Storage calculation doesn't make sense

Dmitrii_Murzin · July 27, 2020, 2:29pm

Hi,

This calculation doesn’t make sense:

Storage Estimation: If on the average each query consists of 3 words and if the average length of a word is 5 characters, this will give us 15 characters of average query size. Assuming we need 2 bytes to store a character, we will need 30 bytes to store an average query.

Why do you calculate the plain size to store the queries, whereas, actually, you need to store the trie with nodes data, references to parents and references to termination nodes?

Could you please explain how this calculation relates to the proposed design?

Vladislav · April 27, 2020, 9:57pm

How to store trie in a file so that we can rebuild our trie easily - this will be needed when a machine restarts? We can take a snapshot of our trie periodically and store it in a file. This will enable us to rebuild a trie if the server goes down. To store, we can start with the root node and save the trie level-by-level. With each node, we can store what character it contains and how many children it has. Right after each node, we should put all of its children.
If we store this trie in a file with the above-mentioned scheme, we will have: “C2,A2,R1,T,P,O1,D”. From this, we can easily rebuild our trie.
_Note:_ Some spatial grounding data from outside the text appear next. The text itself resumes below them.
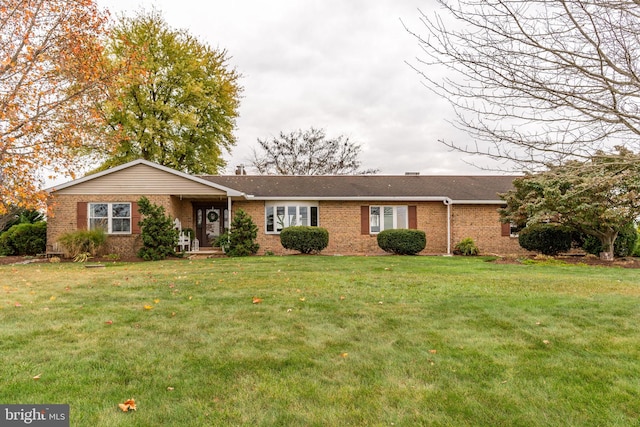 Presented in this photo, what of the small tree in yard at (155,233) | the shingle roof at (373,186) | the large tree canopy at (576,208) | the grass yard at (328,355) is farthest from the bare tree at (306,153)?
the grass yard at (328,355)

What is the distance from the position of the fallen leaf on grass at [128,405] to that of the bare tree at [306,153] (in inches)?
1251

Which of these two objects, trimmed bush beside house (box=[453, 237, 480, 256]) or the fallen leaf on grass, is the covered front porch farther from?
the fallen leaf on grass

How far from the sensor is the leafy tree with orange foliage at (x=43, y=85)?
11.2 m

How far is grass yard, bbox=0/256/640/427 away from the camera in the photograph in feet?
9.02

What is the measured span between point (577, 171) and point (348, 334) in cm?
288

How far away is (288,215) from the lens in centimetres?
1809

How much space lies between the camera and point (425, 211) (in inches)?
722

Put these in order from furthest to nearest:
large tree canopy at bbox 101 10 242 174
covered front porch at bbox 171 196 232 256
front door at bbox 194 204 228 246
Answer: large tree canopy at bbox 101 10 242 174 < front door at bbox 194 204 228 246 < covered front porch at bbox 171 196 232 256

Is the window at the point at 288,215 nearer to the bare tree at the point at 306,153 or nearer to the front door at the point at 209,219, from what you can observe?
the front door at the point at 209,219

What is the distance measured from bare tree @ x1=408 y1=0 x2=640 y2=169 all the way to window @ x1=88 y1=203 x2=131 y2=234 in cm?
1589

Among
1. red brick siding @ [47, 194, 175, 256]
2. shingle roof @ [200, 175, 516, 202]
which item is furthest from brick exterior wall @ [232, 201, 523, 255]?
red brick siding @ [47, 194, 175, 256]

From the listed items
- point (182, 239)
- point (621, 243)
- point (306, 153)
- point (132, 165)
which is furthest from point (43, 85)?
point (306, 153)

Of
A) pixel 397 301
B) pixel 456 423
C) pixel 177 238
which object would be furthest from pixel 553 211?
pixel 177 238

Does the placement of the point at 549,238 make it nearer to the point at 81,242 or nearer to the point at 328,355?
the point at 328,355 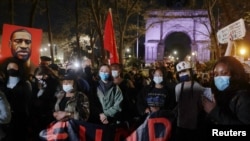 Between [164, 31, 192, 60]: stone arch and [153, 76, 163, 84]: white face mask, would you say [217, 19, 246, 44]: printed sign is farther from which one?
[164, 31, 192, 60]: stone arch

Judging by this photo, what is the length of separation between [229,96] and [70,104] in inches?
120

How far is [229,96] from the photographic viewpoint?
4.71 m

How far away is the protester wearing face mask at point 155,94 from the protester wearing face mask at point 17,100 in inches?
86.2

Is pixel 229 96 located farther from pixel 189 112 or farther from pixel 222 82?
pixel 189 112

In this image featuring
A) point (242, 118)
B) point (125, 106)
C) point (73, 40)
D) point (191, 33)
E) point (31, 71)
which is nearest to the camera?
point (242, 118)

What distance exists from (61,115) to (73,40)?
125ft

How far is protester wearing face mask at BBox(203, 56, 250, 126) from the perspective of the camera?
4.48m

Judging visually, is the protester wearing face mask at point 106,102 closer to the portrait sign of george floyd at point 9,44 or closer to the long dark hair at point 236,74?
the portrait sign of george floyd at point 9,44

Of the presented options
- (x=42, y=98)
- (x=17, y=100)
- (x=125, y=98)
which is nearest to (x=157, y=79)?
(x=125, y=98)

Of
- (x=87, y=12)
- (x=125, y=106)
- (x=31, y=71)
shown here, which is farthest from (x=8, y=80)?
(x=87, y=12)

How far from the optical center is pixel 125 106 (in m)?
7.96

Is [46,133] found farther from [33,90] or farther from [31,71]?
[31,71]

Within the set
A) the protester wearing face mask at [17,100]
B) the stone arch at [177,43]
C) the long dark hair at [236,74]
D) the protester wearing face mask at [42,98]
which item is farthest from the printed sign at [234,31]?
the stone arch at [177,43]

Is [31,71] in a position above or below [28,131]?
above
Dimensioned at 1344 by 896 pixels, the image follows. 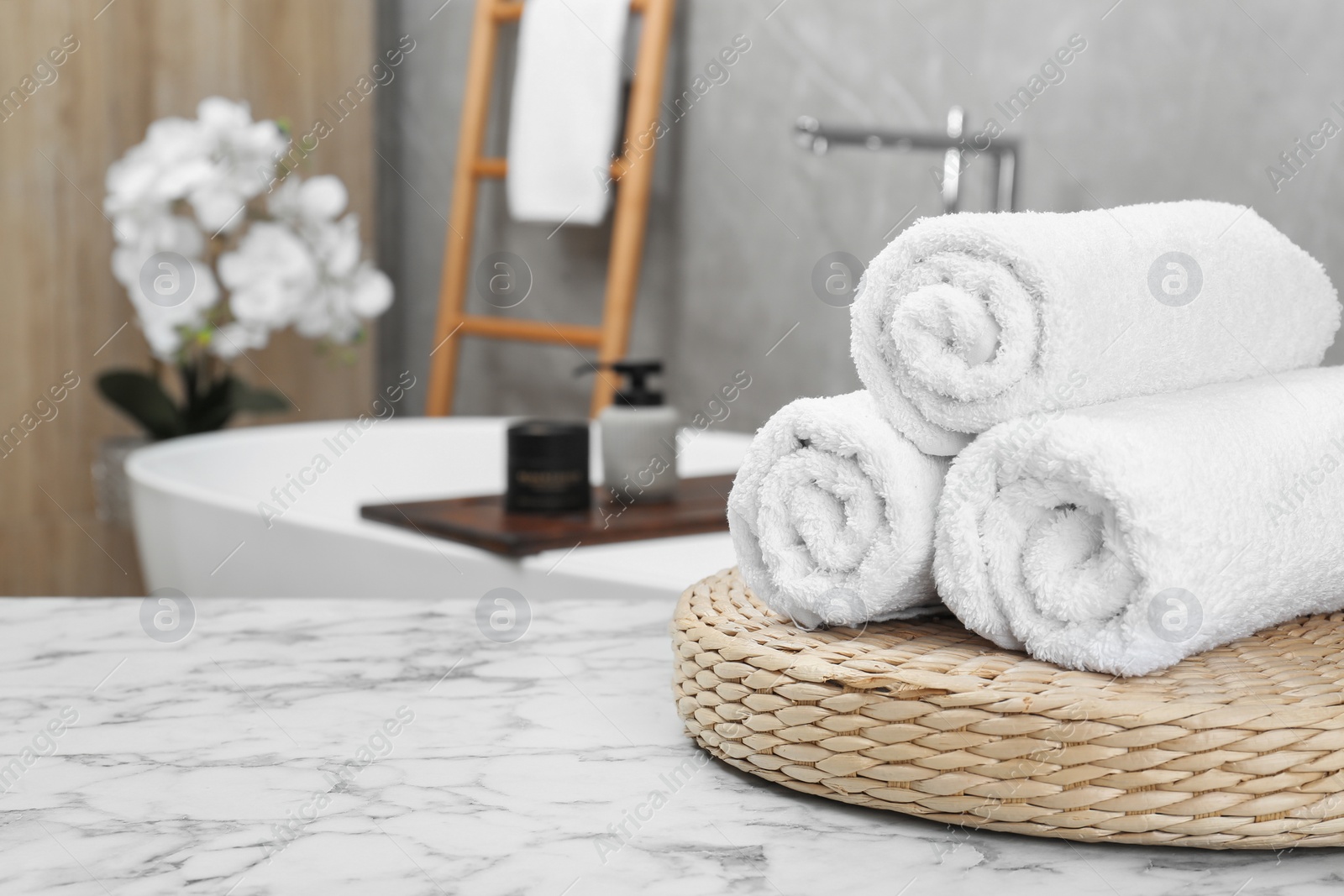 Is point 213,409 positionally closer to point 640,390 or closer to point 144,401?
point 144,401

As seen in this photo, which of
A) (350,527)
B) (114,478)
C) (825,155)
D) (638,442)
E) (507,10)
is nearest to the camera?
(350,527)

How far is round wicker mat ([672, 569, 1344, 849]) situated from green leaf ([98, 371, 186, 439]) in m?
1.88

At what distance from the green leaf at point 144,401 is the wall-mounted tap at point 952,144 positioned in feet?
3.71

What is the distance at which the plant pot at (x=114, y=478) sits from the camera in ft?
7.09

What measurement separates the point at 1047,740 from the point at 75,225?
2.20 meters

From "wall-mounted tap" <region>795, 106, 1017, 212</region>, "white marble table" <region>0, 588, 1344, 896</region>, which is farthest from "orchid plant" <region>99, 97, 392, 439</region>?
"white marble table" <region>0, 588, 1344, 896</region>

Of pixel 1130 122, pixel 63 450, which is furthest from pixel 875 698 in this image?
pixel 63 450

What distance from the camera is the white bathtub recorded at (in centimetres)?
142

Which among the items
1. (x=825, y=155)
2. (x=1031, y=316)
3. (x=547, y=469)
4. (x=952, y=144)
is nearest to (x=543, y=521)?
(x=547, y=469)

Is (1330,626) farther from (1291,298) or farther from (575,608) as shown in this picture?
(575,608)

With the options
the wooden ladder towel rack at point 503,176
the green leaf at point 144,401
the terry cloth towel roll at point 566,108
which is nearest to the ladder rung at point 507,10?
the wooden ladder towel rack at point 503,176

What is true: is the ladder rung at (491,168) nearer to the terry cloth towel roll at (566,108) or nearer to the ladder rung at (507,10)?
the terry cloth towel roll at (566,108)

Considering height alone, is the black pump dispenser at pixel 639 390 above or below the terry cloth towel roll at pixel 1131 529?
below

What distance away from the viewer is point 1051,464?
1.47 ft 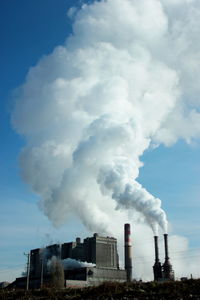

Serialization includes only plain the text (a character or a part of the word) of the node and the number of children. All references are recomputed.

If you’ve noticed, we are not storing top suggestions and their counts with each node. It is hard to store this information; as our trie is being stored top down, we don’t have child nodes created before the parent, so there is no easy way to store their references. For this, we have to recalculate all the top terms with counts. This can be done while we are building the trie. Each node will calculate its top suggestions and pass it to its parent. Each parent node will merge results from all of its children to figure out its top suggestions.